* _What the task requires_: All that is needed is the lines from the one containing "Interior Web Landing Page" through the end of the listing, printed exactly, with no pictures among them.

* _Material for the task_:
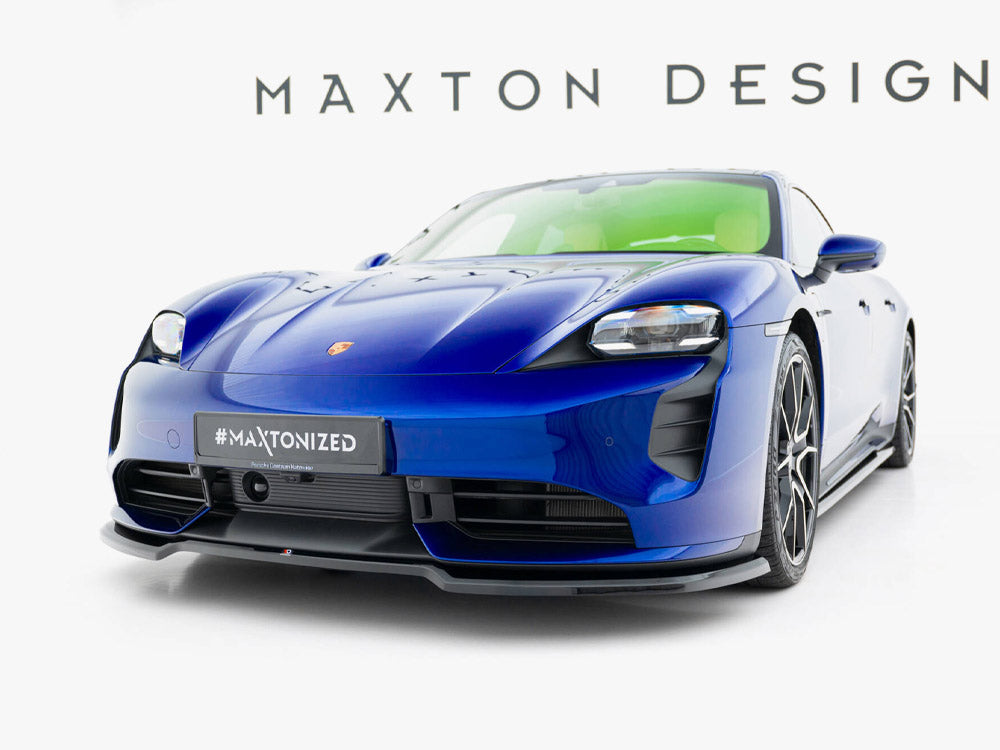 Maxton Design Front Splitter Porsche Taycan Turbo S Mk1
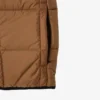 Puffervest for menn med avtakbar hette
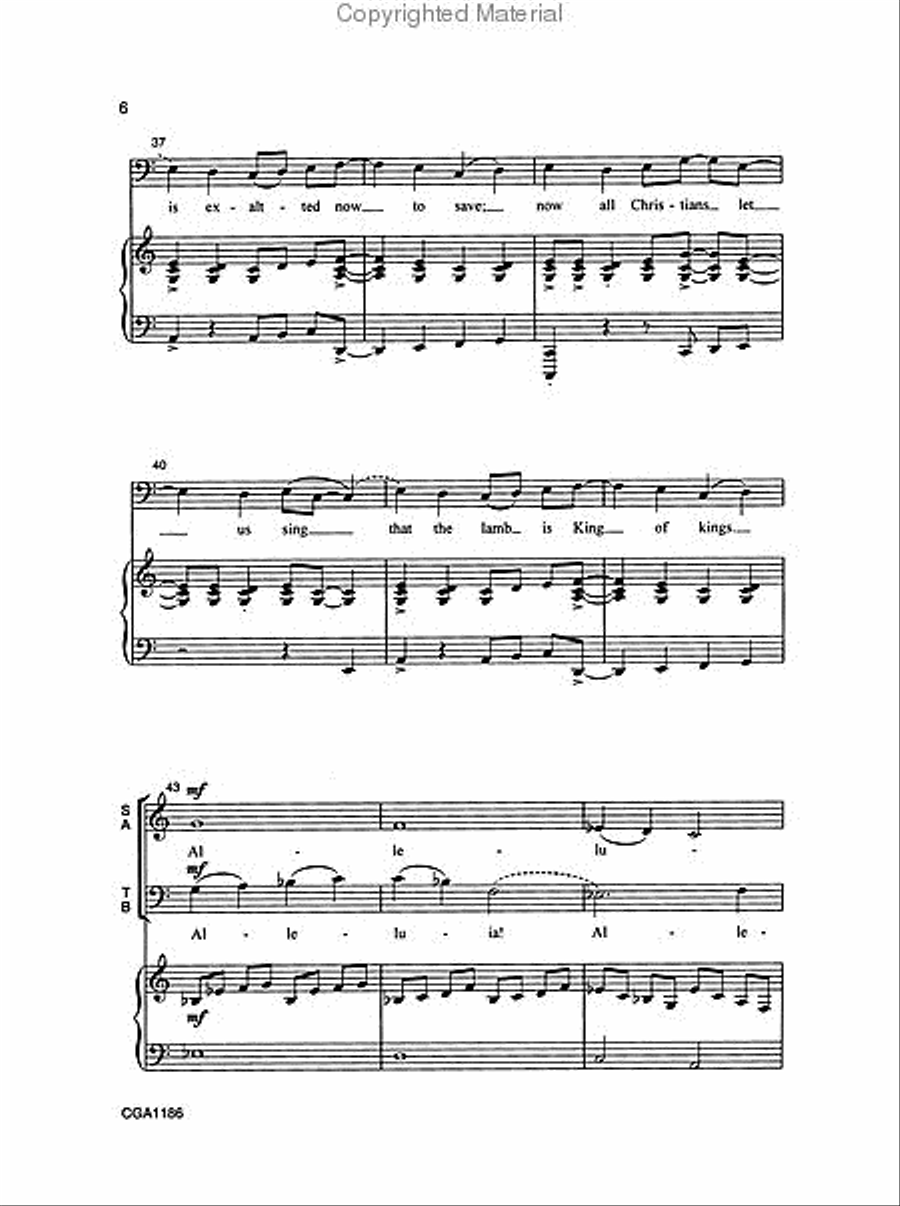 Alleluia Christ the Lord is Risen 4-Part scores gallery preview page 3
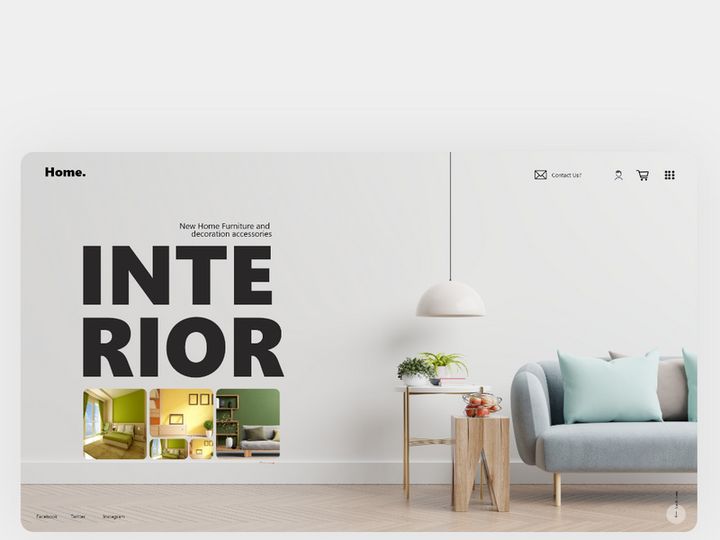 Interior Web Landing Page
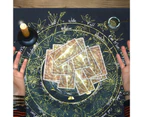 Tarot Tablecloth Herbs Flower Pattern Altar Cloth Alter Tarot Spread Top Cloth Blanket Wiccan Square Spiritual Tapestry for Tarot Divination Enthusiasts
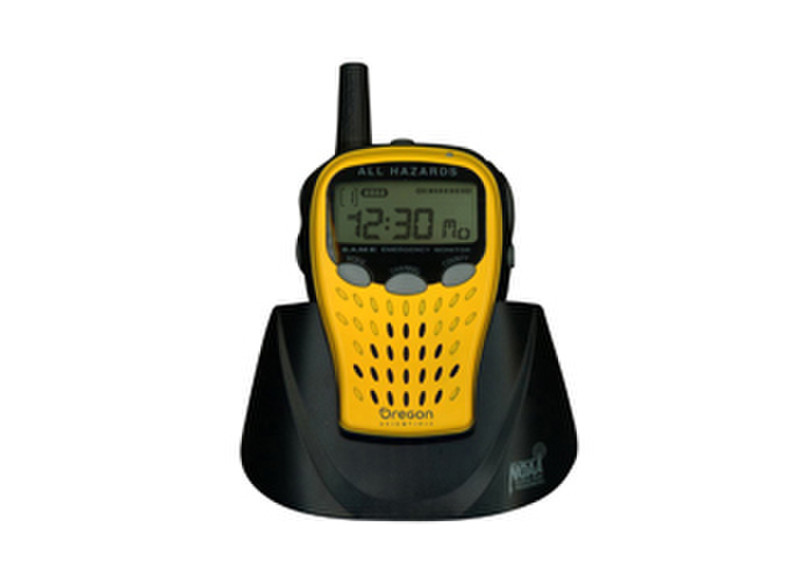 Oregon Scientific WR601N Портативный Цифровой Черный, Желтый радиоприемник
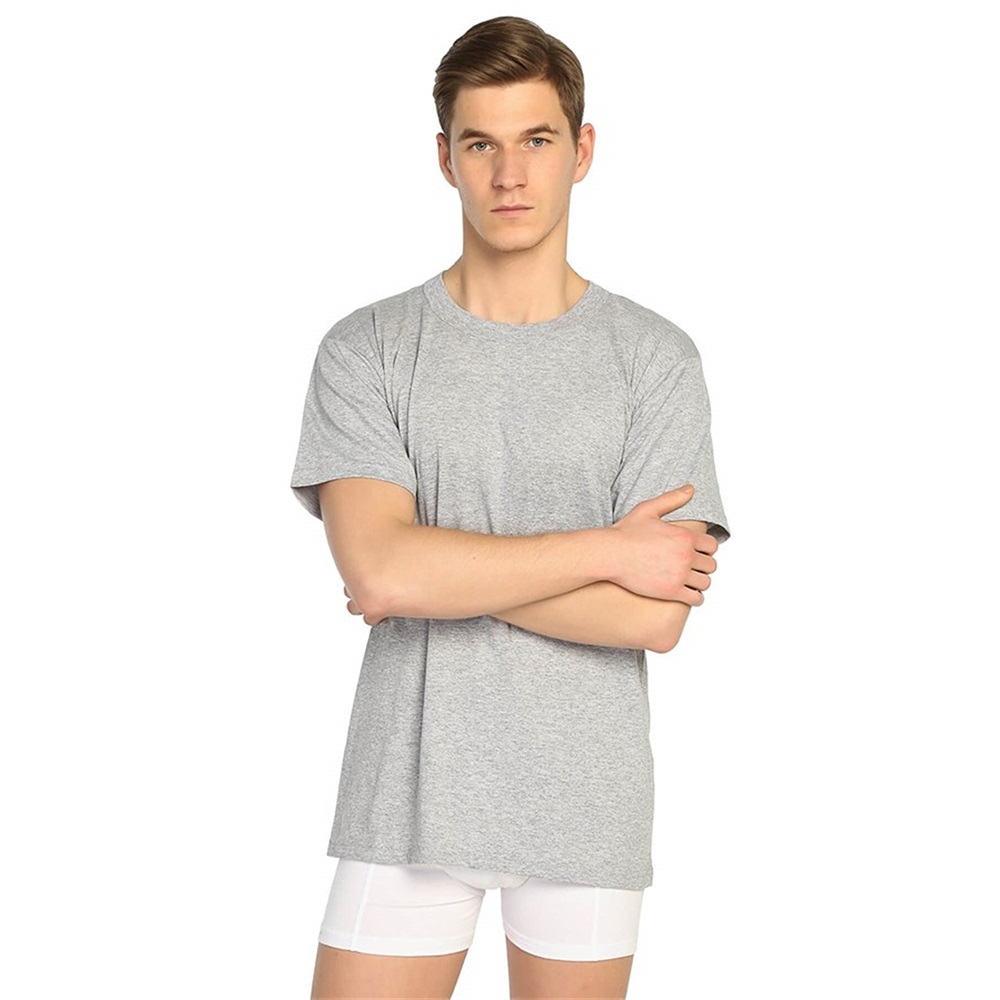 Sedef Yıldız 1008 Erkek Renkli Sıfıryaka Atlet 6 Lı - Gri - 4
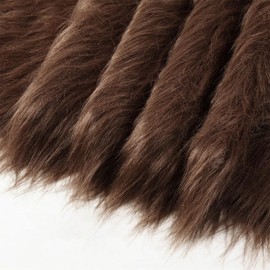 20 cm x 180 cm Fluffy Faux Fur Ribbon Fur Fabric, Furry Faux Fur Fabric Decorative Ribbon Decorative Ribbon Plush Fabric Plush Ribbon Trimming Ribbons for Sewing Clothing Christmas Decoration, Brown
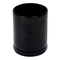 Edge Collection - 5" x 5" x 6" - Black - Ceramic Candle Jar Warmer with Inspirational Design - 1 Piece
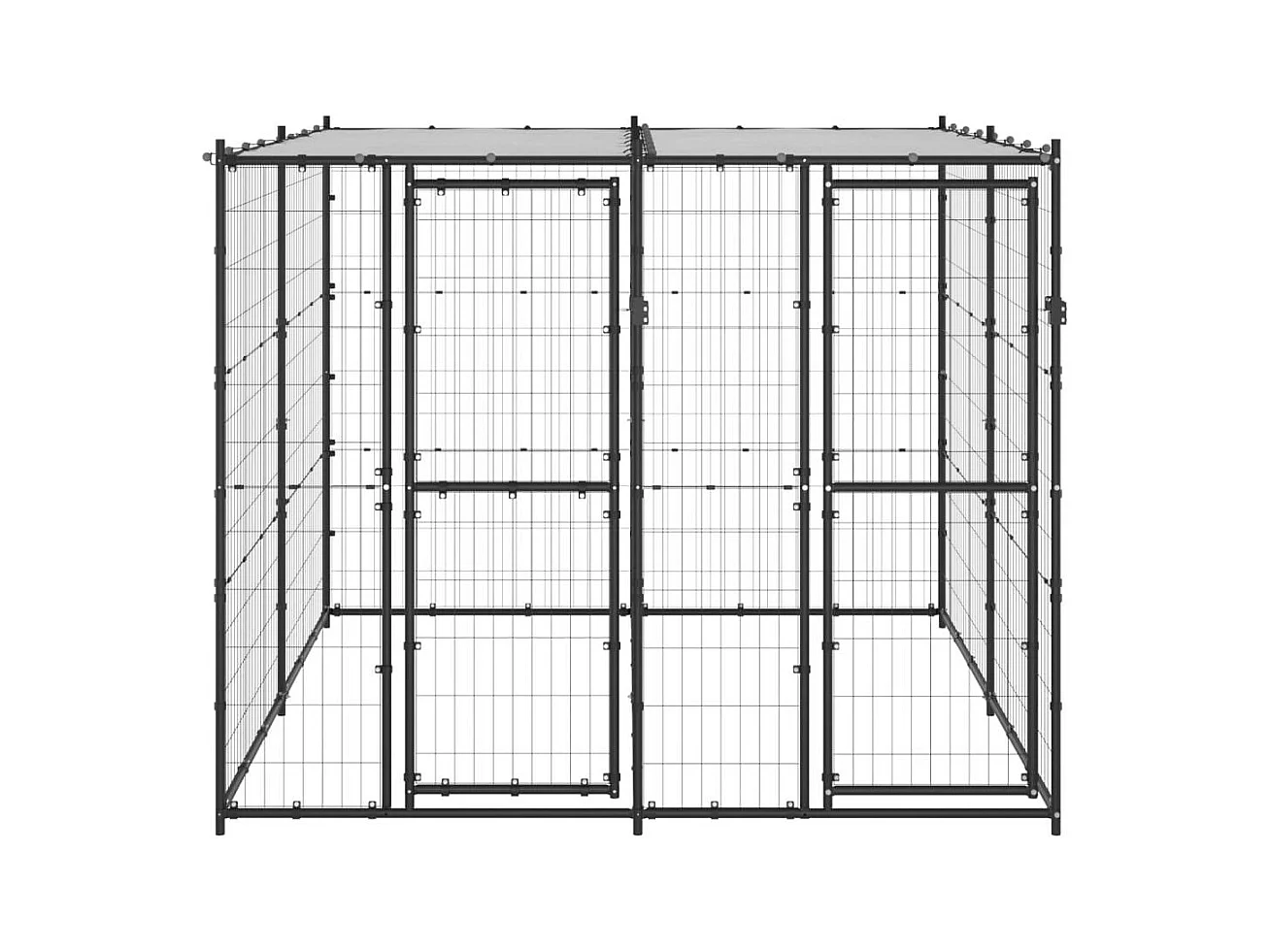 Chenil extérieur cage enclos 220 x 220 x 180 cm 02_0000401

* _Reply_:
 Interior Web Landing Page
 Tarot Tablecloth Herbs Flower Pattern Altar Cloth Alter Tarot Spread Top Cloth Blanket Wiccan Square Spiritual Tapestry for Tarot Divination Enthusiasts
 Oregon Scientific WR601N Портативный Цифровой Черный, Желтый радиоприемник
 Sedef Yıldız 1008 Erkek Renkli Sıfıryaka Atlet 6 Lı - Gri - 4
 20 cm x 180 cm Fluffy Faux Fur Ribbon Fur Fabric, Furry Faux Fur Fabric Decorative Ribbon Decorative Ribbon Plush Fabric Plush Ribbon Trimming Ribbons for Sewing Clothing Christmas Decoration, Brown
 Edge Collection - 5" x 5" x 6" - Black - Ceramic Candle Jar Warmer with Inspirational Design - 1 Piece
 Chenil extérieur cage enclos 220 x 220 x 180 cm 02_0000401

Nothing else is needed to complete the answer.